Leme

Marcia de Moraes

27 Jul - 11 Sep 2010

© Marcia de Moraes
No tempo da delicadeza I, 2010
Graphite and colour pencil on paper
95 x 115 cm
MARCIA DE MORAES
"Personne"

July 27 - September 11, 2010

Tormenta agridoce by Mario Gioia

“Jamais poderei renunciar ao sentimento de que aí, encostado à minha cara, entrelaçado nos meus dedos, existe algo como uma deslumbrante explosão em direção à luz, uma irrupção de mim para o outro e do outro em mim, algo infinitamente cristalino que poderia coagular e transformar-se em luz total sem tempo nem espaço. Como uma porta de opala e diamante a partir da qual se começa a ser aquilo que se é verdadeiramente e que não se quer e que não se sabe e que não se pode ser.”
(O Jogo da Amarelinha, Julio Cortázar)

O lance de dados e as possibilidades múltiplas, elementos destacados por Ari Roitman sobre a obra-prima do belga-argentino radicado em Paris Julio Cortázar (1914-1984), em texto de apoio de O Jogo..., podem ser apreendidos na complexa visualidade dos desenhos de Marcia de Moraes, inclusive em Rayuela, obra que pode ser considerada um dos possíveis fechos de Personne, primeira individual em galeria da artista paulista, em cartaz até 11 de setembro na Leme, em São Paulo.

Rayuela, como se sabe, é o título original (e muito mais interessante), em espanhol, de O Jogo da Amarelinha. No trecho citado acima, é perceptível a habilidade do escritor na criação de ambientes incrivelmente únicos e, ao mesmo tempo, dotados de chaves de leitura multifacetadas por natureza. A linguagem imersa em um caleidoscópio que pode ser vertido em letras e, por quê não, em um código visual. Rayuela, como a artista alerta, é um título que vem depois da elaboração completa do trabalho _neste caso, um hábil costurar de formas de 1,50 m x 1,50 m, com cores não tão usualmente empregadas por Moraes, como o amarelo e o laranja. Tais tons ajudam a mixar despudoradamente figura e fundo _este último, próximo do bege, o que confere ainda menos assepsia à composição.
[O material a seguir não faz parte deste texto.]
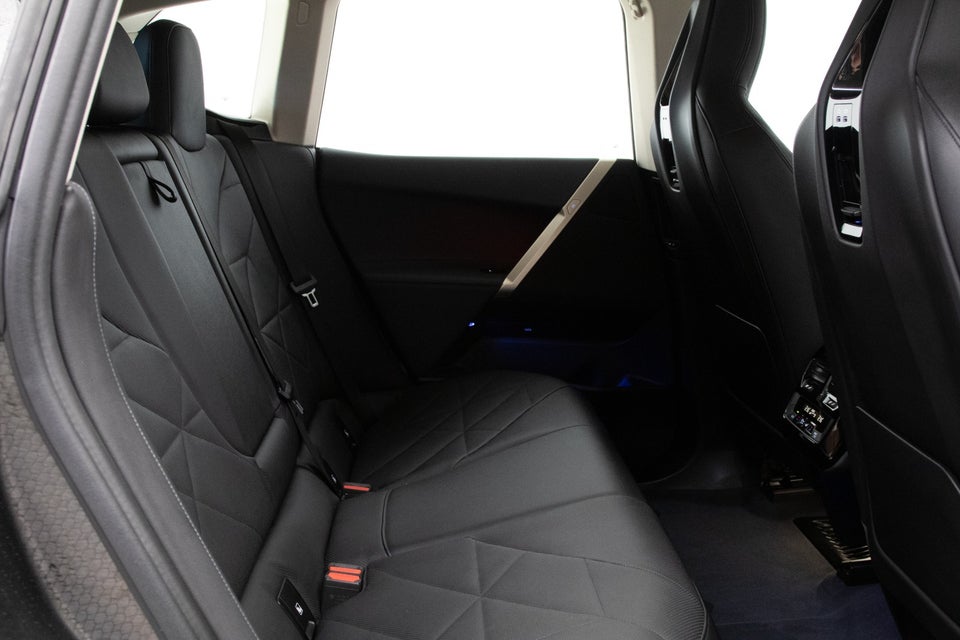 BMW iX xDrive40 Sport 5d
O arrebatamento plástico proposto pela artista também se estende ao díptico que dá título à exposição, de 1,91 m x 1,63 m, em que o azul e o bronze predominam, e a O Vermelho e o Negro, que já captura o visitante logo na entrada do espaço expositivo, principalmente por seu intenso vermelho, desarticulador da rigidez do antigo galpão fabril, e pelas estranhas formas que lembram flores, estas apenas delineadas pela pressão detida do grafite sobre o papel, tangenciando o centro da composição. “Foi um pouco como se também a flor me olhasse, esses contatos, às vezes... Você sabe, qualquer um os sente, isso que chamam a beleza”, escreve Cortázar no conto A Flor Amarela.

O azul de La Ciudad de la Furia _de 1,50 m x 1,17 m_, o púrpura mais horizontalizado de El Amor en los Tiempos del Cólera _de 0,99 m x 1,24 m_ e, com vigor, o verde de de La Vida Es Sueño 2 _de 1,75 m x 1,50 m_, dão continuidade ao projeto ambicioso proposto por Moraes. “Há quem diga feliz _A vida é bela/ Há quem estenda sua mão até uma estrela/ E a espere com doce entusiasmo”, frisa a suíço-argentina Alfonsina Storni (1892-1938) no poema Festa.

No entanto, a artista não se acomoda e, inquietamente, traz novos horizontes à sua poética. No Tempo da Delicadeza, primeira e segunda versões, agregam a placidez do papel branco como superfície e, em contraste com o dourado, o salmão e o vermelho, apropriam-se com mais clareza dos vazios e criam uma fusão menos expandida e que “negocia” mais com os limites retangulares do suporte. Formas anteriormente abundantes nas obras de Moraes, como os pequenos círculos, desaparecem de sorrate. A delicadeza pretendida pela artista já no título dos dois trabalhos é resultado de uma obra que agora dialoga mais incisivamente com o pictórico. As peças, enfim, estão dispostas em um tabuleiro visualmente sedutor. “O sonho estava composto como uma torre formada por camadas sem fim, que se ergueram e se perderam no infinito, ou desceram em círculos, perdendo-se nas entranhas da terra. Quando me arrastou em suas ondas, a espiral começou e essa espiral era um labirinto. Não havia nem teto nem fundo, nem paredes nem regresso. Contudo, havia temas que a repetiam com exatidão.” (Winter of Artifice, Anaïs Nin, trecho transcrito por Cortázar em O Jogo da Amarelinha).